Shared Writing: Students come up with ideas as a whole class or a part of the class, and the teacher does all of the physical writing on the page.
Show, Don’t Tell: Using dialogue, facial expressions, gestures, and internal thinking to show what’s happening in a story.
Small Moment Story: A narrative that takes place over a matter of minutes, rather than across an entire day or week.
Strategy Lesson: Highly-individualized, small-group (3-5 kids) instruction that consists of mostly teacher-talk, with a long active engagement for the students. Research and decision happen before the strategy lesson. Teaching and a link happen during a strategy lesson. There might be a compliment for the group.
Watermelon Idea and Seed Idea: In the primary grades, a watermelon idea (or watermelon topic) is an idea for a story that is very big, stretching across quite a bit of time: multiple days, or a week, for example. A seed idea for a story, by comparison, is a small moment, or an event that only took a few minutes, or just a part of one day. Seed ideas are much easier to write about in detail, because the story will be shorter and more focused. Watermelon and seed ideas were included in the original Units of Study for Primary Writing by Lucy Calkins and Colleagues.
Word Wall Words and/or Snap Words: Word wall words are high frequency words that have been introduced. These words are on display so kids can refer to them quickly throughout the day, to double-check their spelling, and to support their reading. Eventually, kids know word wall words “in a snap” meaning they can write those words with automaticity, without thinking much about it, and they can recognize those words by sight.
Writing Center: A central location in the classroom where students have access to a variety of supplies (e.g., paper choices, reference books, writing utensils).
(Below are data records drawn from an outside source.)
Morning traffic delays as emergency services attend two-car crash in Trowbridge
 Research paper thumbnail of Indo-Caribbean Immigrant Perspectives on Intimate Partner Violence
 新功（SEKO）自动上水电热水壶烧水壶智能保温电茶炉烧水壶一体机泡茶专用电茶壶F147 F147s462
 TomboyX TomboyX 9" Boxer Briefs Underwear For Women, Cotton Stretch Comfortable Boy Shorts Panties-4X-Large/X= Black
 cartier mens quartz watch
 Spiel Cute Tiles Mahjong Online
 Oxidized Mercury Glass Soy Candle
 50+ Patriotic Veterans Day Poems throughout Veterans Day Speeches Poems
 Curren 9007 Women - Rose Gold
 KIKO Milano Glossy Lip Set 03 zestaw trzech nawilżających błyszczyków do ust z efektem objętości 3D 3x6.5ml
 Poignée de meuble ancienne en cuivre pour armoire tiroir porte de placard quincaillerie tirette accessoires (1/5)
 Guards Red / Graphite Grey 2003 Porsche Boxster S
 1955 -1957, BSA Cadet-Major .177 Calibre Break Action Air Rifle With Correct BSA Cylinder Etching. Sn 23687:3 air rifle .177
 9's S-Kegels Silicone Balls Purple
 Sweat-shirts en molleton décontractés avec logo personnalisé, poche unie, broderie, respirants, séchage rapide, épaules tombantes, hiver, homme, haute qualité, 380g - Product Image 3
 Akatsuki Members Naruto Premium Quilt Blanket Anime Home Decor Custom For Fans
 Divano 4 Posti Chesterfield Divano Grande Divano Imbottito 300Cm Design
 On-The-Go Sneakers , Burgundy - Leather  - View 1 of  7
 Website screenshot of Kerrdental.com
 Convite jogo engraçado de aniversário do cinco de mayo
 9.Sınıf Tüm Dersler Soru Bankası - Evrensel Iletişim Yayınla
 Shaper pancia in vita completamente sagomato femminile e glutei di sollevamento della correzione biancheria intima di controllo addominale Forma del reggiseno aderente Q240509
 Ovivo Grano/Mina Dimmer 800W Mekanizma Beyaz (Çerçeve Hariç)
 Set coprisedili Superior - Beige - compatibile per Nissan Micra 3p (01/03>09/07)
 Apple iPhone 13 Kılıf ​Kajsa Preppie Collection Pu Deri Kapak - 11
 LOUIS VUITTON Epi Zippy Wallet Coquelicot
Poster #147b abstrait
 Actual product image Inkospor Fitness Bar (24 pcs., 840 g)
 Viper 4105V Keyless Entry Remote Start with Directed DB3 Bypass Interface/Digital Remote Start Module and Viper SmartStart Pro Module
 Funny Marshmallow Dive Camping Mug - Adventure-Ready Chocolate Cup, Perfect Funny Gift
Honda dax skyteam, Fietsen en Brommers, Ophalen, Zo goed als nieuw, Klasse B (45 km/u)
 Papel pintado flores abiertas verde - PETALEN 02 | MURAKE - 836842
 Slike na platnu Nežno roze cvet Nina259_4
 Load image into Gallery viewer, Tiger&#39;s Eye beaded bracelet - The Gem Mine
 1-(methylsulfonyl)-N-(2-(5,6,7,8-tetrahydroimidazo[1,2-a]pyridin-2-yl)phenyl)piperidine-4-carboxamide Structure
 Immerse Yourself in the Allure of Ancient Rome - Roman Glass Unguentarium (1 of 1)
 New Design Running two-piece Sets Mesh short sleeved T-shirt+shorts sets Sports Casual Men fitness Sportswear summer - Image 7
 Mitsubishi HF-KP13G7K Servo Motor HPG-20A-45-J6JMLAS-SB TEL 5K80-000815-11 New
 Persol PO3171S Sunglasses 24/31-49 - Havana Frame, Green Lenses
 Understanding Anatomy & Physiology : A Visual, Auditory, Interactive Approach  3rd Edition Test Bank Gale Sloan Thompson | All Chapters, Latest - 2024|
Writing in the Air: Rehearsing what you want to write by writing it aloud. One might pretend to write as they say the words aloud. As a teacher, you might write in the air as a way to demonstrate your own writing quickly (since writing on paper generally takes longer). Sometimes you might teach students to use this as a strategy to help kids plan their writing. As simple as it sounds, many kids need a lot of coaching and practice to learn to do this.